A proximidade de um novo ciclo do El Niño e o aumento da frequência de eventos climáticos extremos colocaram a gestão de riscos no centro da agenda do agronegócio brasileiro. O tema, que há poucos anos aparecia como uma preocupação de longo prazo, foi tratado nesta quinta-feira (30) como uma prioridade imediata por representantes do governo e do setor produtivo durante o Outlook Agro Brasil.
O consenso é que manter o ritmo de crescimento da produção e das exportações dependerá cada vez mais de políticas de adaptação ao clima, com destaque para o seguro rural, prevenção a incêndios e planejamento da próxima safra.
O ministro do MDIC (Ministério do Desenvolvimento, Indústria, Comércio e Serviços), Marcio Elias Rosa, afirmou que o Brasil já se prepara para enfrentar os efeitos do fenômeno climático, que, segundo ele, deve voltar nos próximos meses.

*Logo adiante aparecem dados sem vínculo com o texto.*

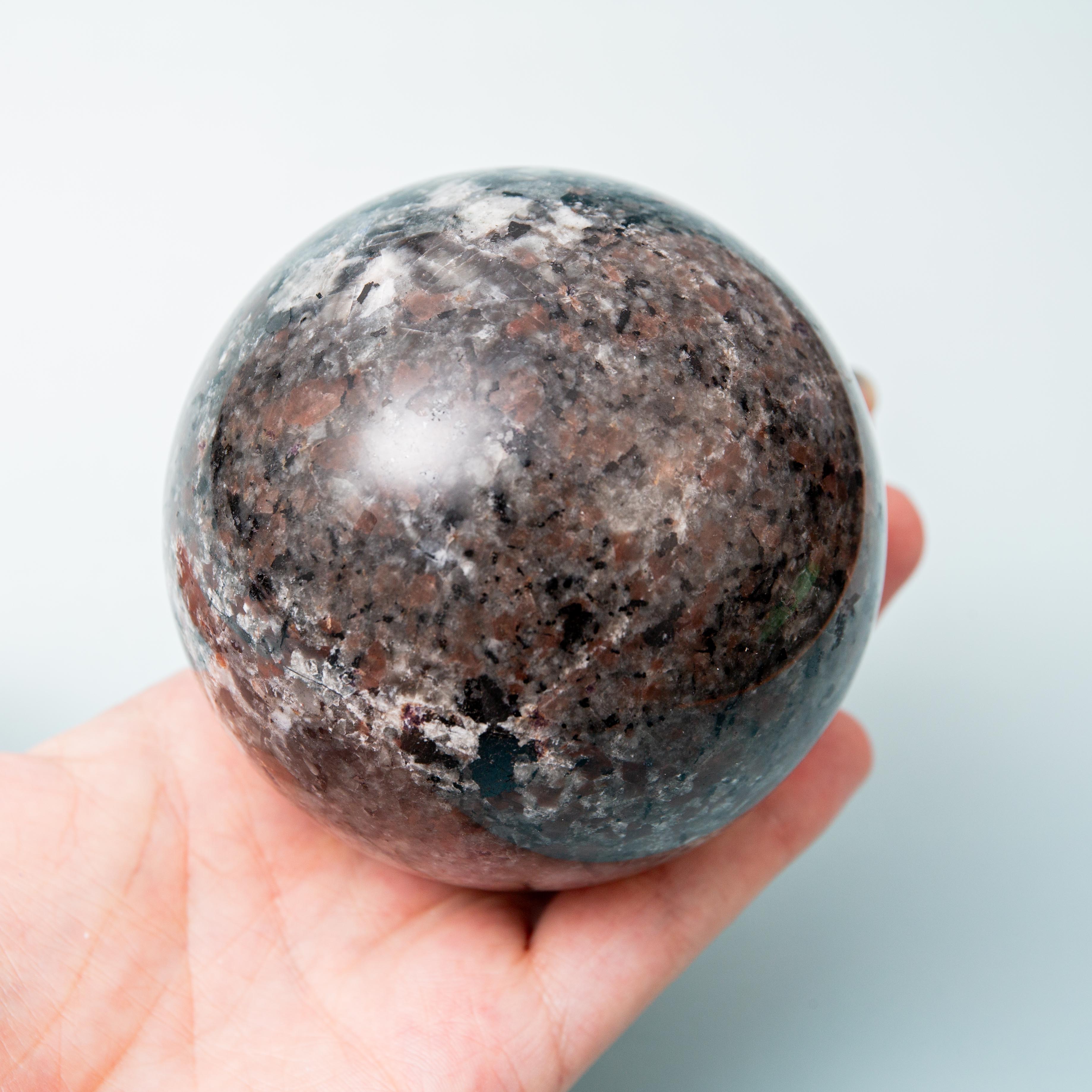Yooperlite Sphere - 80mm/679g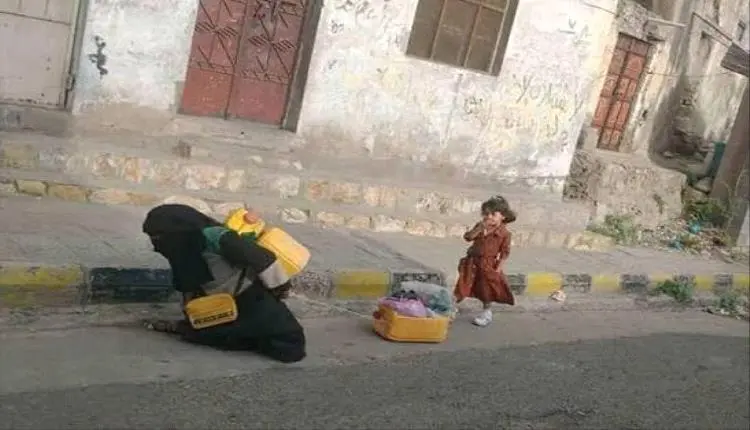 سلطة تعز تدين منع الحوثيين دخول صهاريج المياه وتطا...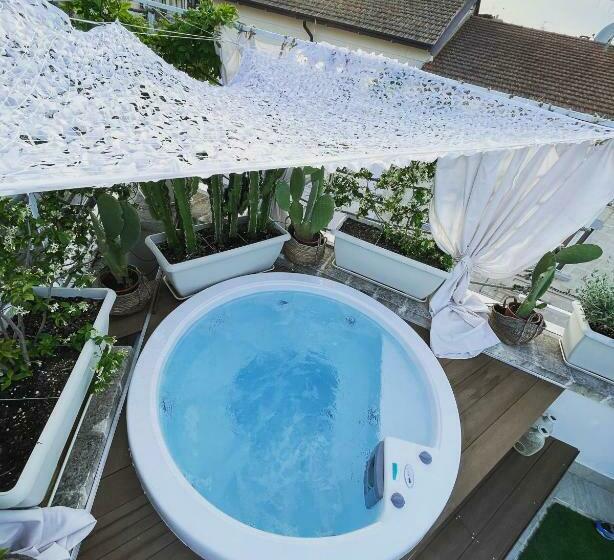 تختخواب و صبحانه San Michele Luxury Rooms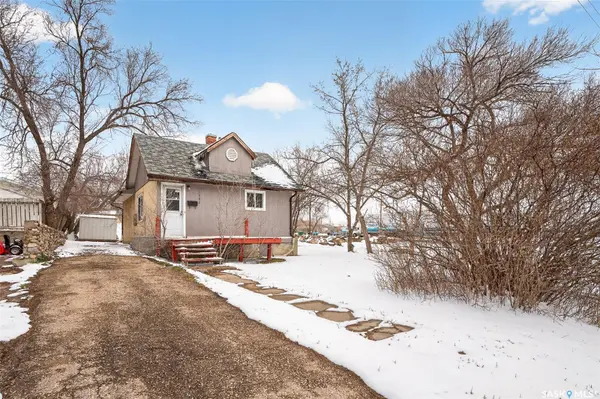 1042 Fairford STREET E, Moose Jaw, SK S6H 0G6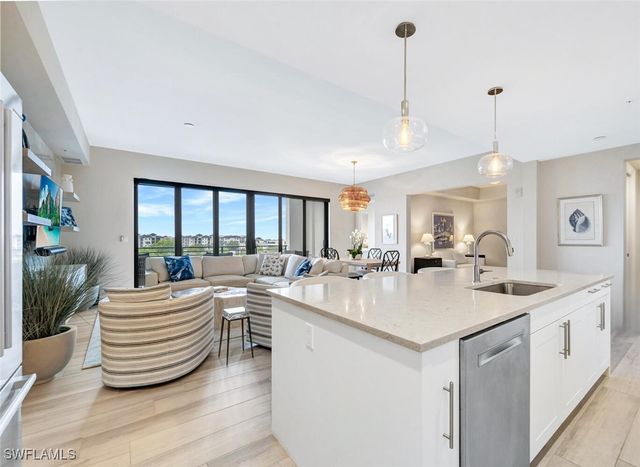 1111 Central AVE 511, Naples, FL 34102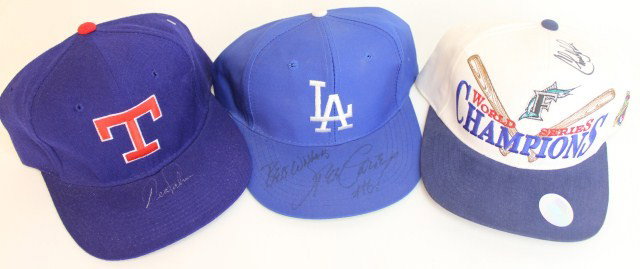 3 SIGNED MLB - MAJOR LEAGUE BASEBALL HATS: 3 SIGNED MLB - MAJOR LEAGUE BASEBALL HATS Texas Rangers' Dean Palmer. Florida Marlins' Charles Johnson. LA Dodgers' Steve Garvey. All three of these hats were signed in the presence of the consignor.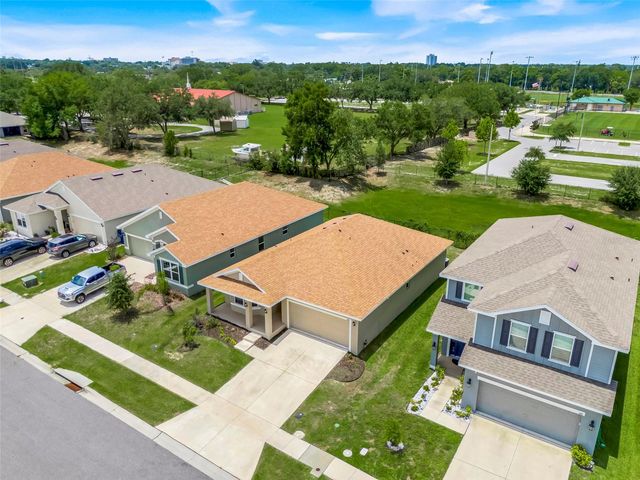 140 KRENSON BAY LOOP, Winter Haven, FL 33881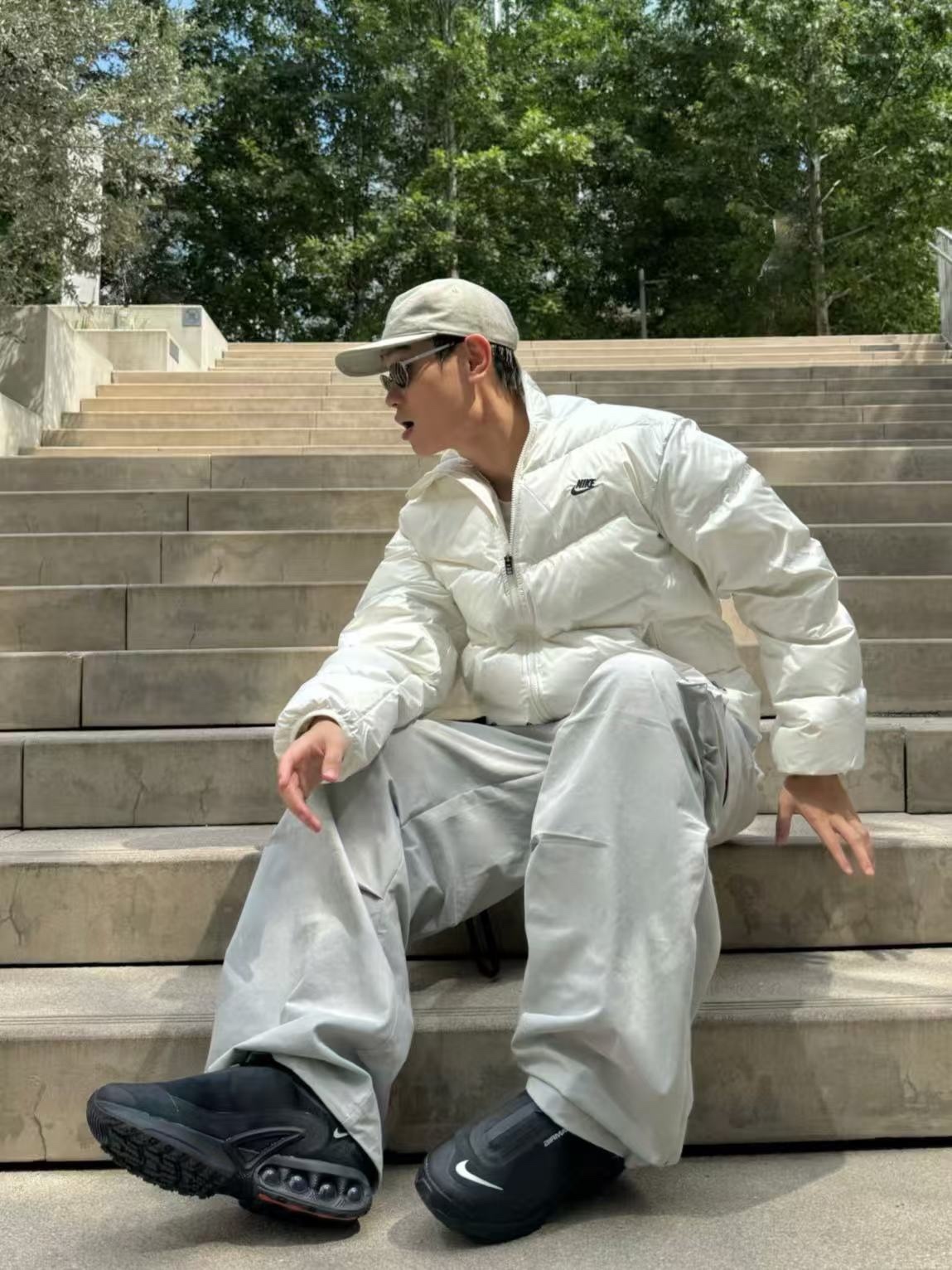 Nike/耐克Windrunner風行者2025經典款新款輕薄連帽羽絨服外套夾克
原版復刻 頂級品質  專櫃尺碼 零下十幾度無壓力 極地防寒防風防水防雪！超級蓬松度 休閒運動 街頭時尚潮流休閒運動連帽保暖短款羽絨服 鎖絨效果好 不拽絨 品質看得見 蓬松度爆表 能在衣物內形成大量空氣隔熱層 輕鬆抵御零下20°C的嚴寒 哪怕極寒天氣也能牢牢鎖住體溫 讓你在冰天雪地中也能溫暖如春 高含絨量帶來極致輕盈的穿著體驗 告別傳統羽絨服的臃腫感 活動自如 溫暖卻不笨重 
L SIZE:S-2XL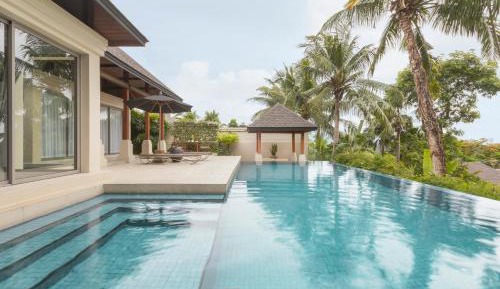 Tropical Pool Villa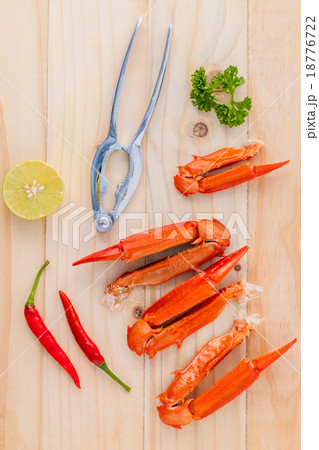 Boiled crab claws with lime 18776722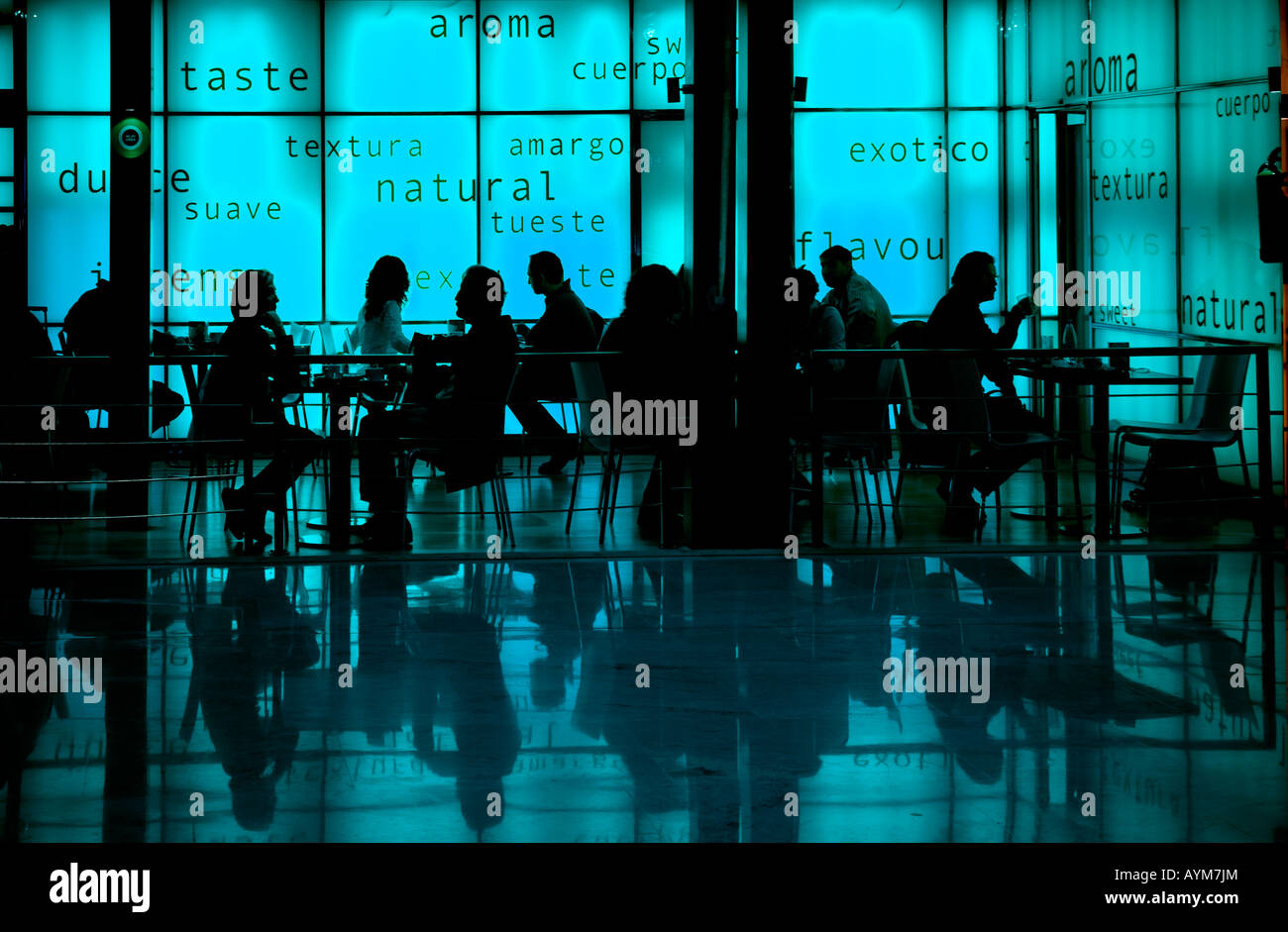 Nicht erkennbare Personen in Cafeteria, umgeben von Aromen. Stockfoto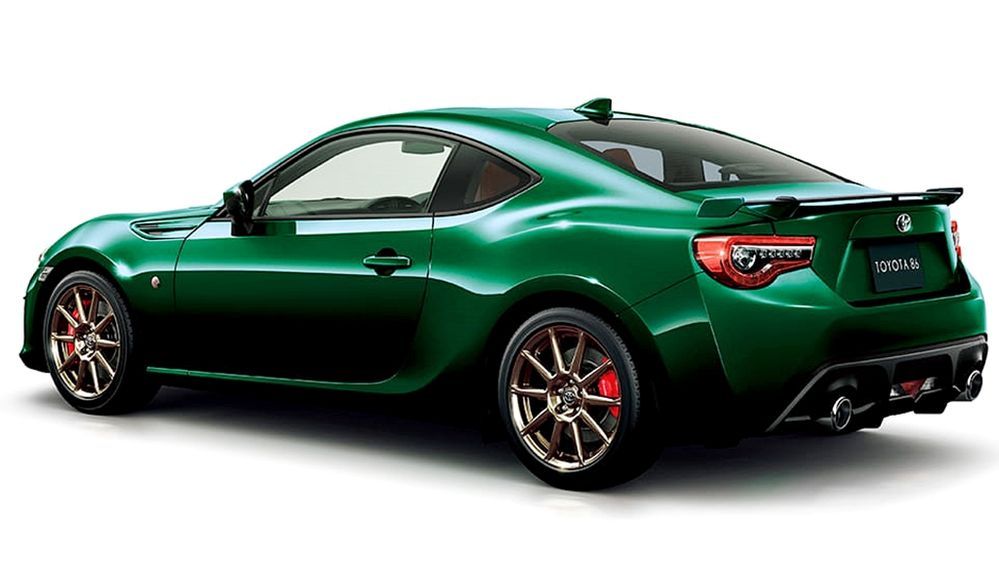 54649-toyota-86-japan-british-racing-green-rear.jpg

“Infelizmente estamos às vésperas do El Niño. Os efeitos vão acontecer, e isso é fruto das mudanças climáticas. O Brasil não fica indiferente a esse fenômeno mundial”, disse.
Como resposta, destacou a criação do Plano Nacional de Manejo do Fogo, desenvolvido em conjunto entre União e estados, e reforçou que a estratégia do governo é preservar a capacidade produtiva do campo diante de um cenário climático mais adverso.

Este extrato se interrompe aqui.